Crawled caption data
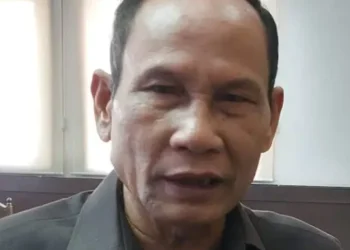 Arthon Pimpin Rapat Pembentukan Tiga Pansus Bahas Empat Raperda Inisiatif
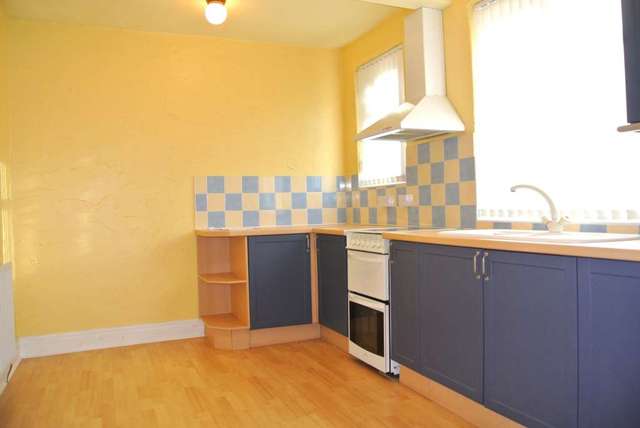  Image of 2 bedroom Semi-Detached house to rent in Harcourt Road Blackpool FY4 at Harcourt Road  Blackpool, FY4 3HW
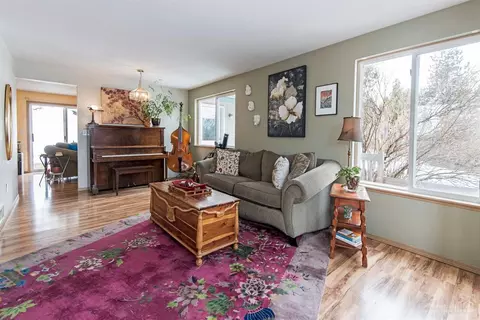 66492 Ponderosa Loop, Bend, OR 97703 photo 6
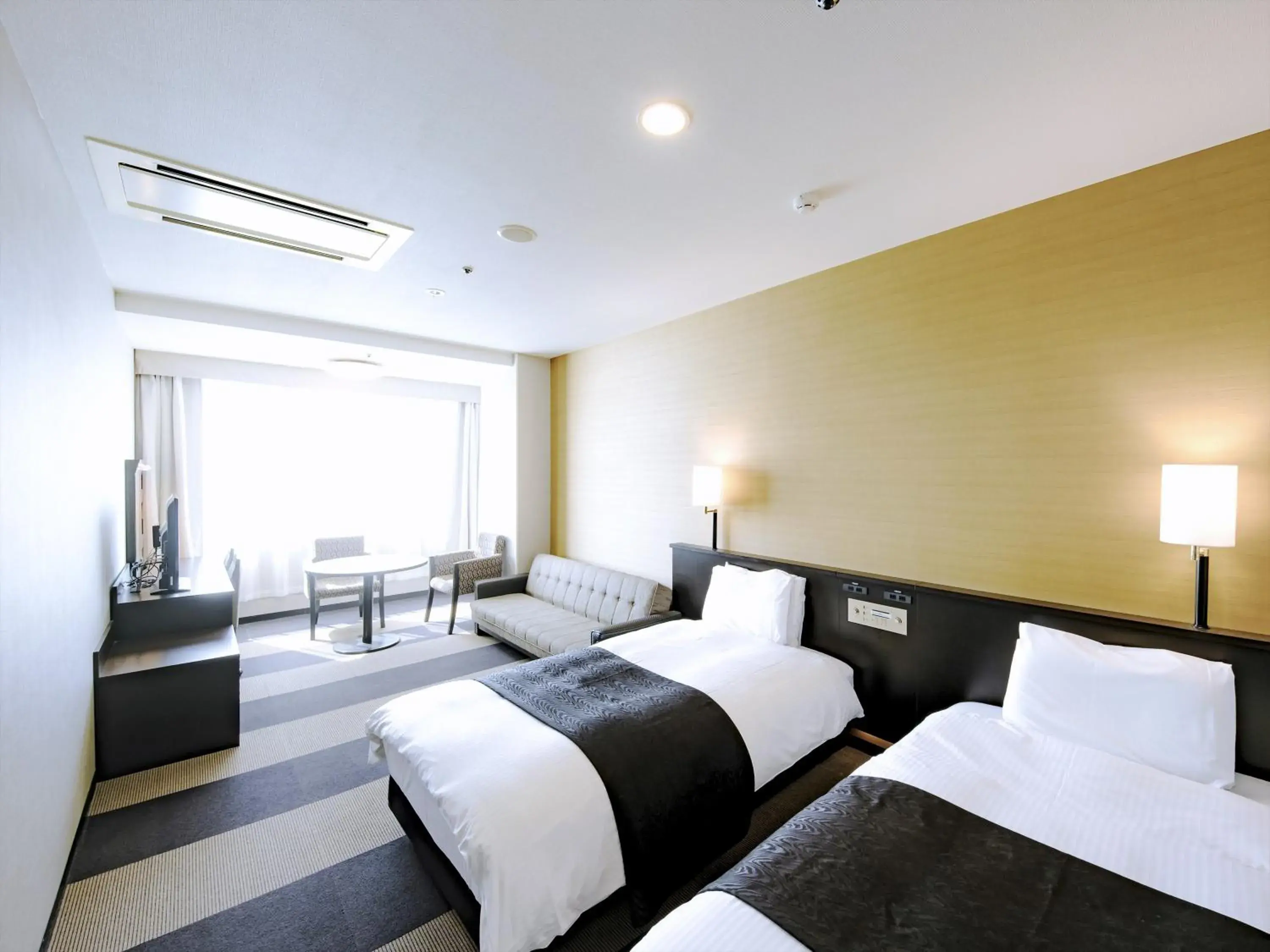 Photo of the whole room, Bed in APA Hotel Tottori Ekimae Minami Photo of the whole room, Bed in APA Hotel Tottori Ekimae Minami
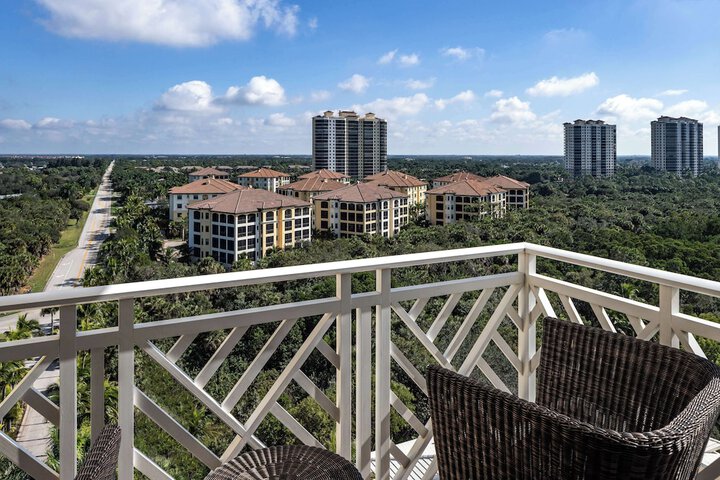 Hyatt Regency Coconut Point Resort & Spa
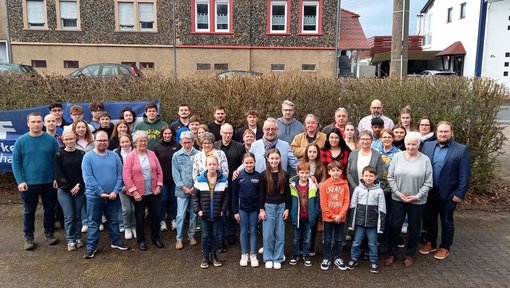 Gruppenfoto vor dem TVB Heim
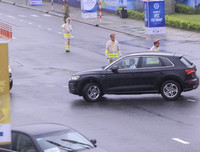 Cảnh sát phân luồng xe APEC dưới mưa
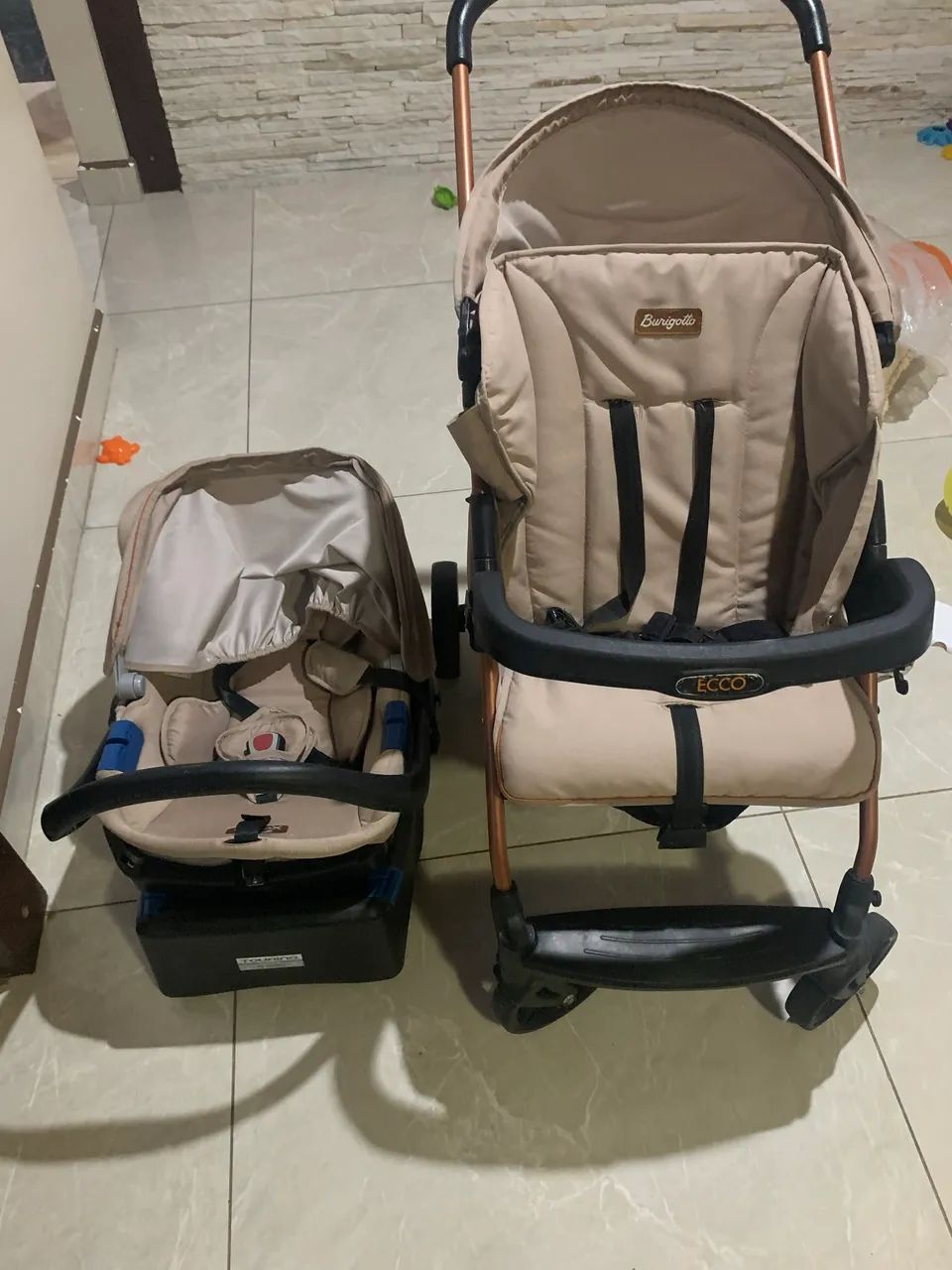 Carrinho de bebê + bebê conforto 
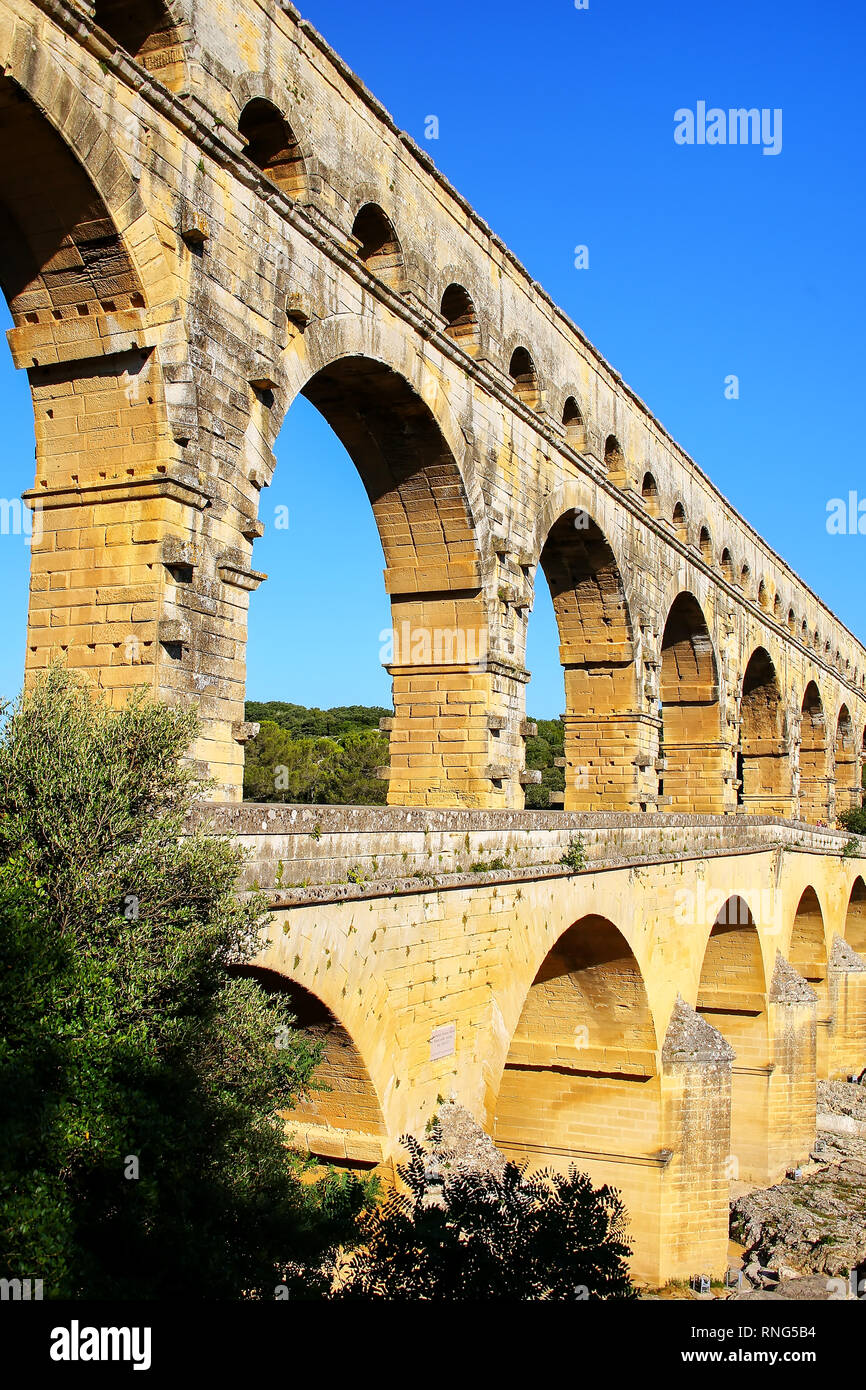 Ansicht schließen der Aquädukt Pont du Gard in Südfrankreich. Es ist die höchste aller erhöhten römischen Aquädukte. Stockfoto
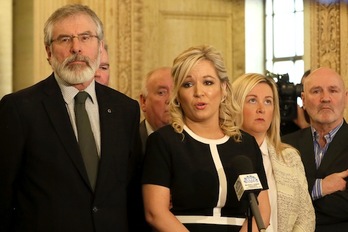 Gerry Adams, a la izquierda, junto a otros líderes de Sinn Féin. (Paul FAITH/AFP)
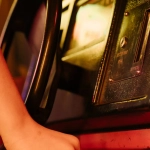 Винтажный игровой автомат как символ детских воспоминаний и ностальгии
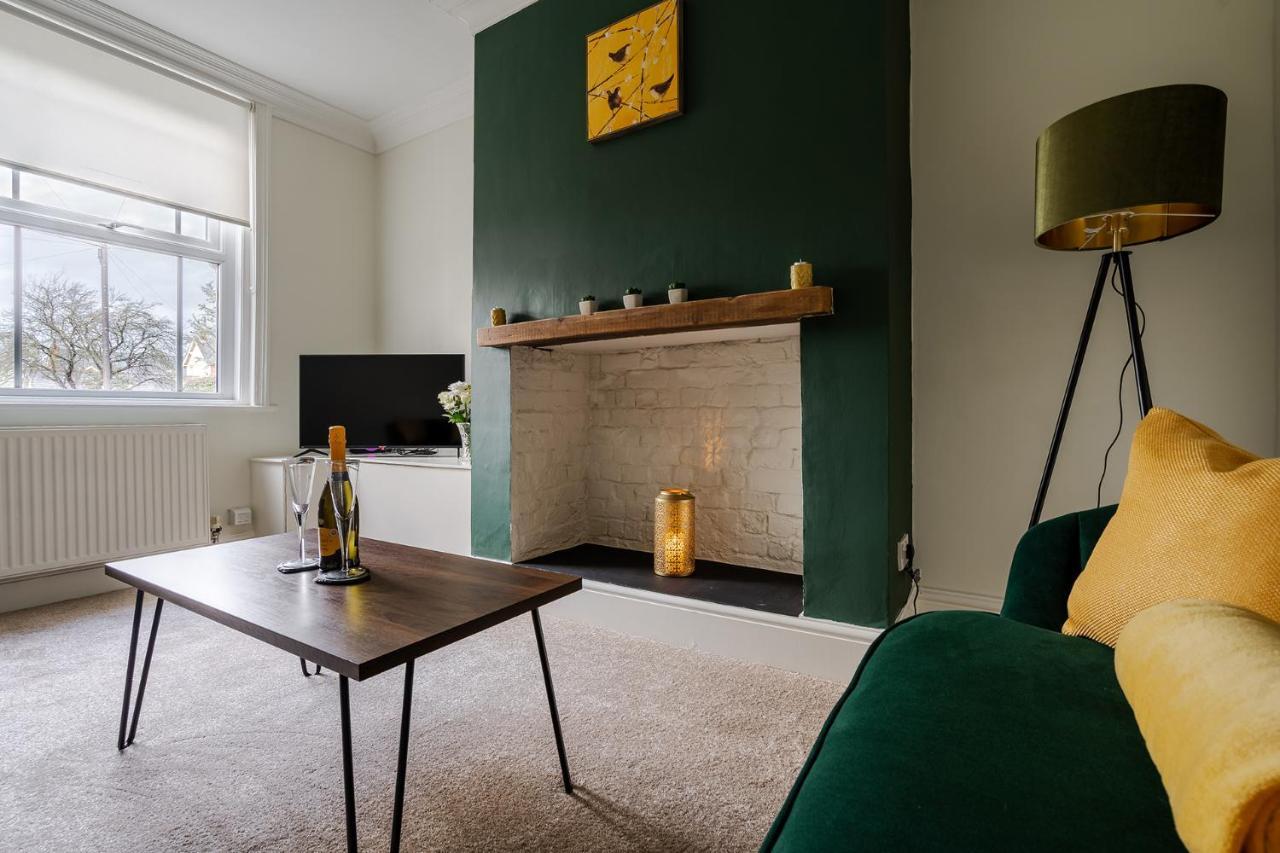 Wrea Cottage, 2 Bedrooms Wifi & Parking Near Ribby Hall Wrea Green Buitenkant foto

Directions: Each line from the start of the entries through the line with "Ansicht schließen der" is to be restated exactly, and the pictures are to be skipped.

Answer section:
 Arthon Pimpin Rapat Pembentukan Tiga Pansus Bahas Empat Raperda Inisiatif
  Image of 2 bedroom Semi-Detached house to rent in Harcourt Road Blackpool FY4 at Harcourt Road  Blackpool, FY4 3HW
 66492 Ponderosa Loop, Bend, OR 97703 photo 6
 Photo of the whole room, Bed in APA Hotel Tottori Ekimae Minami Photo of the whole room, Bed in APA Hotel Tottori Ekimae Minami
 Hyatt Regency Coconut Point Resort & Spa
 Gruppenfoto vor dem TVB Heim
 Cảnh sát phân luồng xe APEC dưới mưa
 Carrinho de bebê + bebê conforto 
 Ansicht schließen der Aquädukt Pont du Gard in Südfrankreich. Es ist die höchste aller erhöhten römischen Aquädukte. Stockfoto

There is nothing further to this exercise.